Information shown
------------

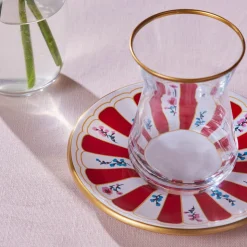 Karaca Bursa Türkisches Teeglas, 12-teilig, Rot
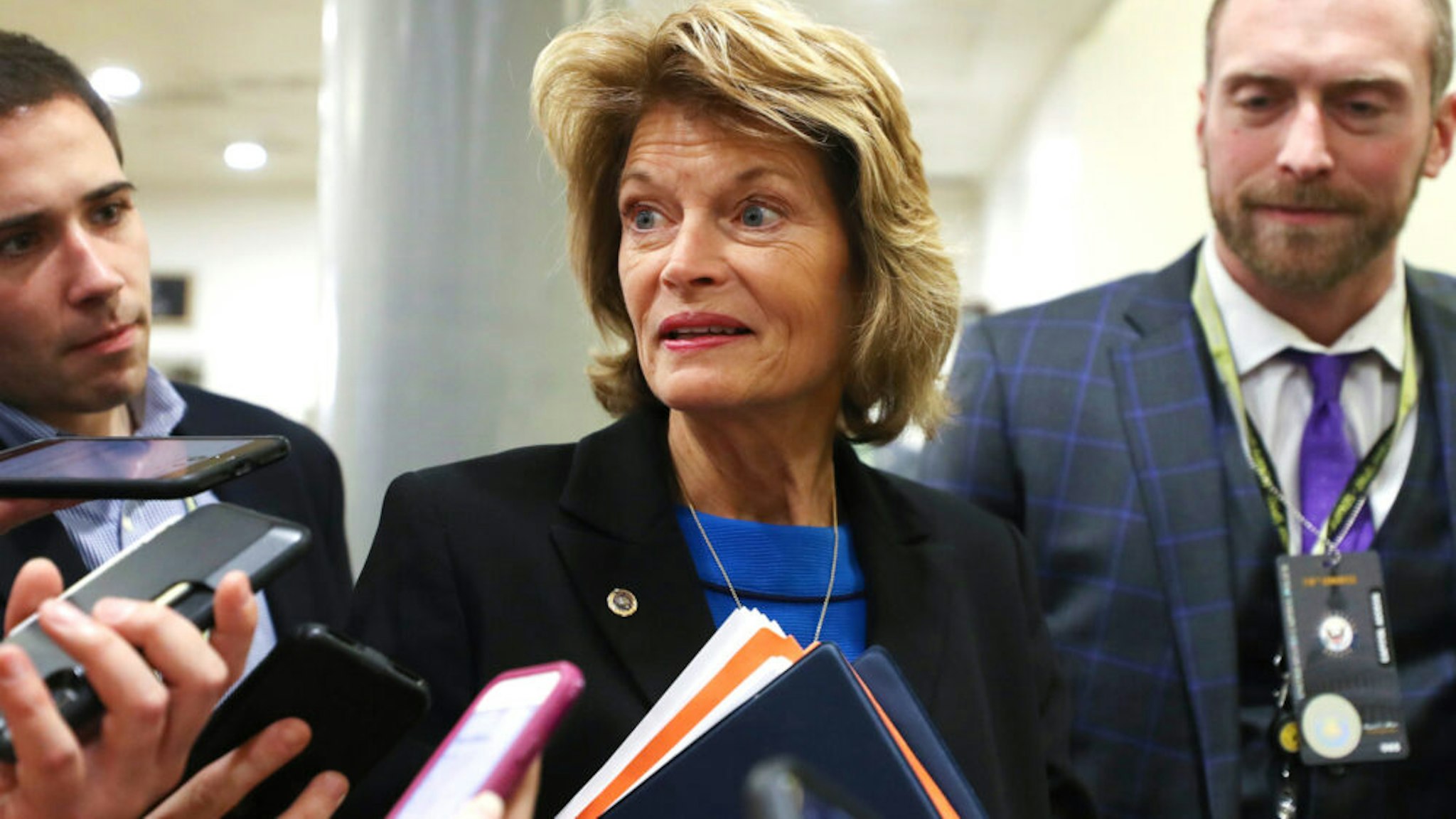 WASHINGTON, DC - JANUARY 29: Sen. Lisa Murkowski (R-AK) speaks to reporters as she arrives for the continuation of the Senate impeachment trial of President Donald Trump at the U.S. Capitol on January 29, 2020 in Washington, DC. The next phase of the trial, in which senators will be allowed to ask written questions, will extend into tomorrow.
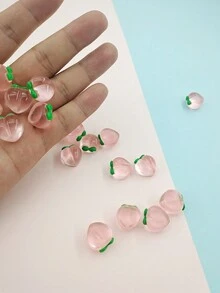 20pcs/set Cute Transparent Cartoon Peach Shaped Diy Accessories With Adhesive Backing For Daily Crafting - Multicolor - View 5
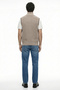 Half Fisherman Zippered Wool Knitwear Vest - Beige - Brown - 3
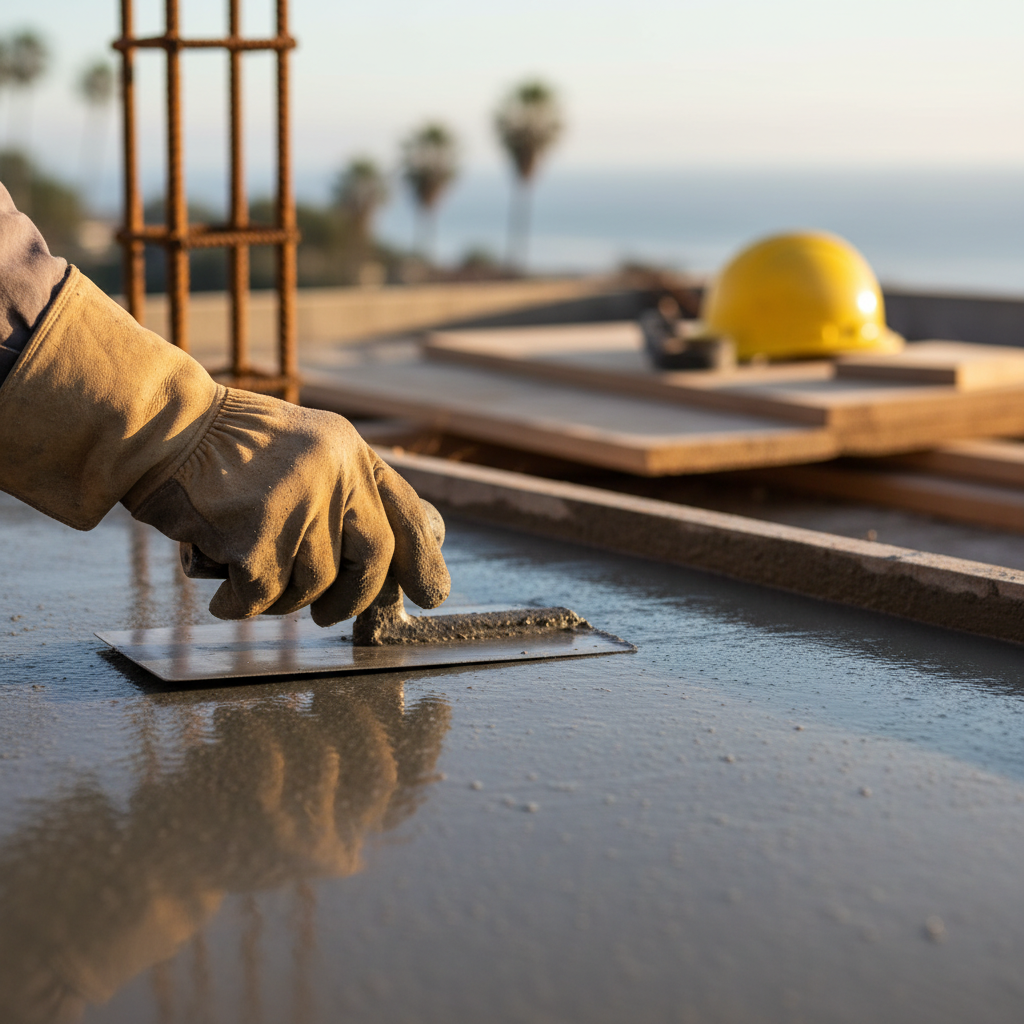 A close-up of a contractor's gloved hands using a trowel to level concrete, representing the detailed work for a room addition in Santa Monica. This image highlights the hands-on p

------------

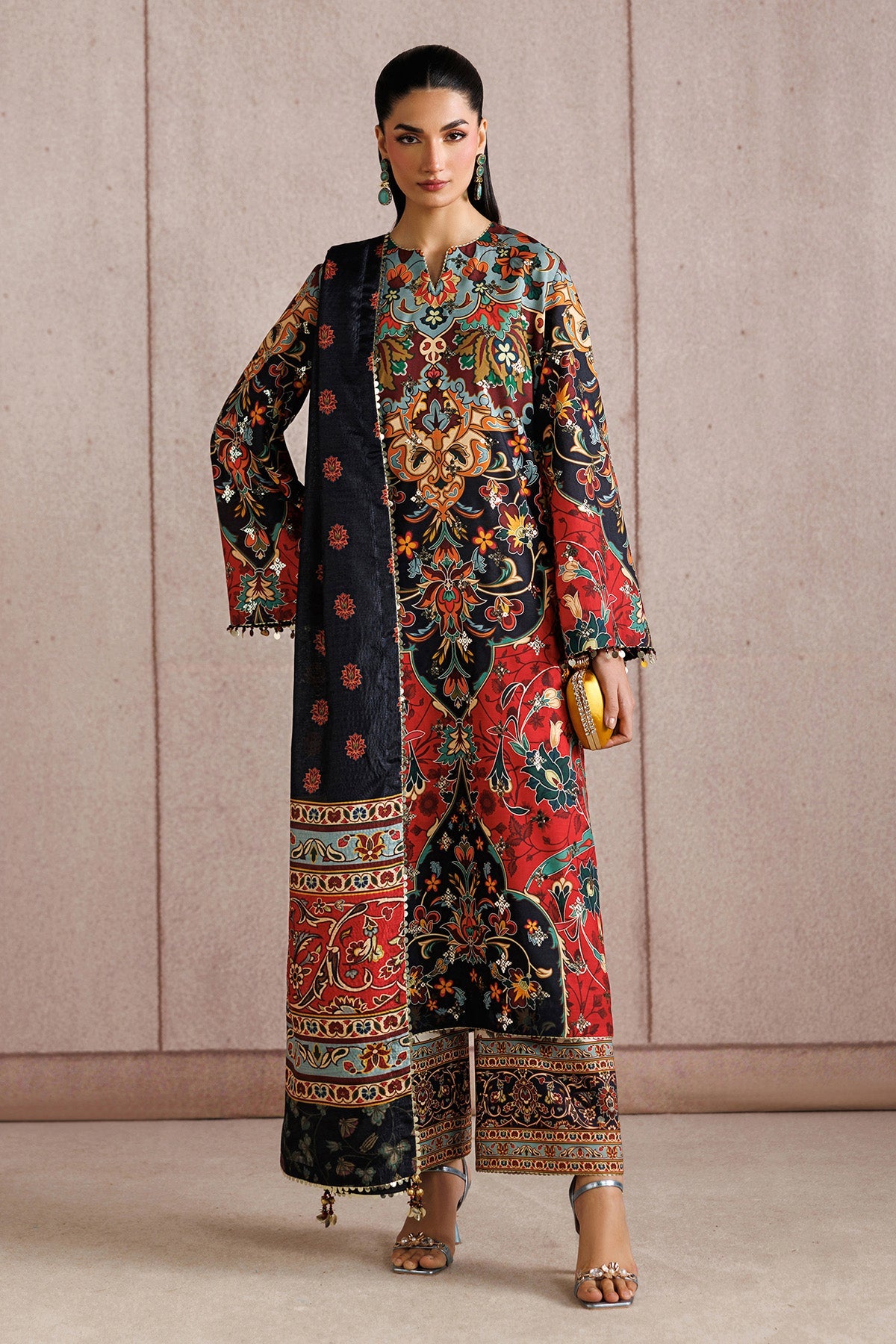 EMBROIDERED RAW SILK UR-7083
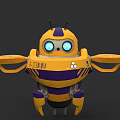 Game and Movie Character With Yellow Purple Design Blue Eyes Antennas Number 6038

------------

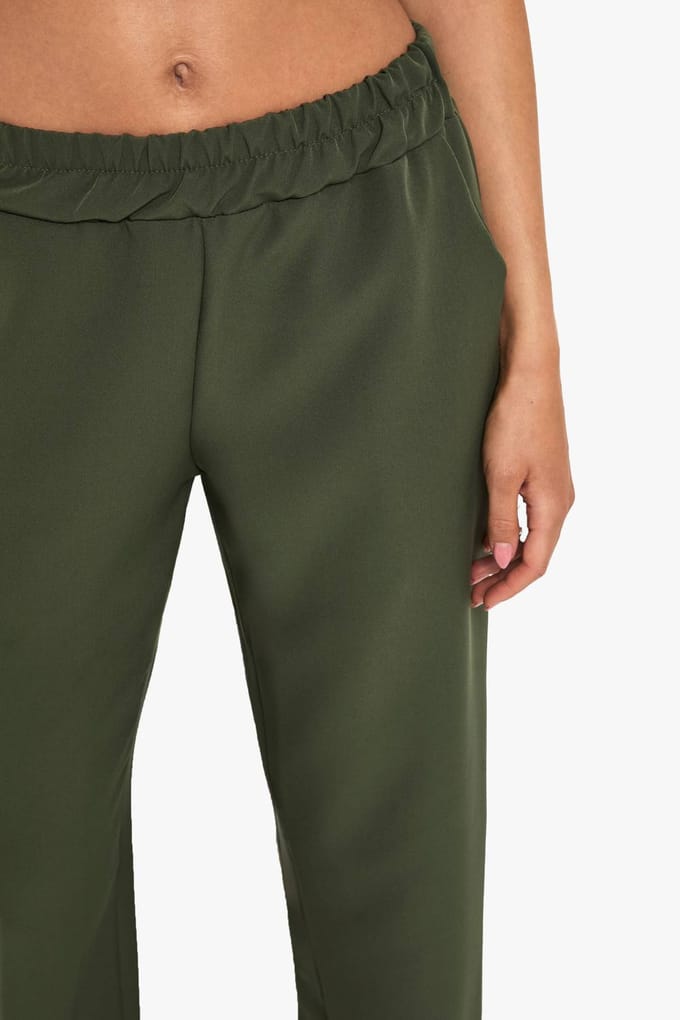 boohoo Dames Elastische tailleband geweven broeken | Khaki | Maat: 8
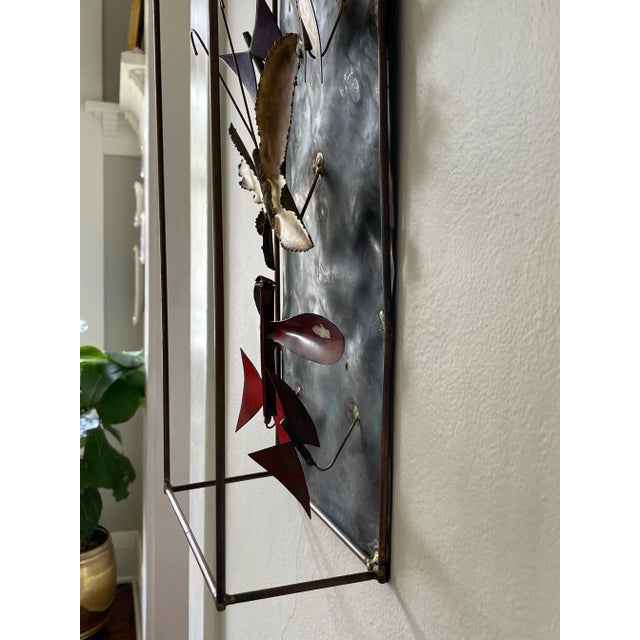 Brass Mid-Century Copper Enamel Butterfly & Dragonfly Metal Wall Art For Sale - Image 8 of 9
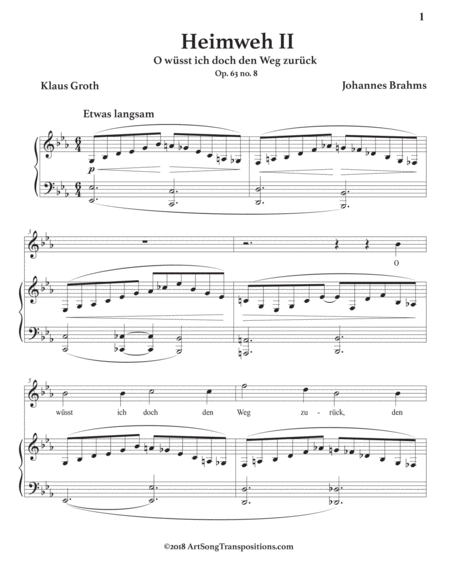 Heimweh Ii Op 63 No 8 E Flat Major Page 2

------------

Problem to solve
What to print is the stretch of entries from the line with "Brass Mid-Century Copper" up to and including the line with "Heimweh Ii Op 63 No 8 E Flat Major Page 2". Please print it exactly and leave out the pictures.

Answer to this exercise
 Brass Mid-Century Copper Enamel Butterfly & Dragonfly Metal Wall Art For Sale - Image 8 of 9
 Heimweh Ii Op 63 No 8 E Flat Major Page 2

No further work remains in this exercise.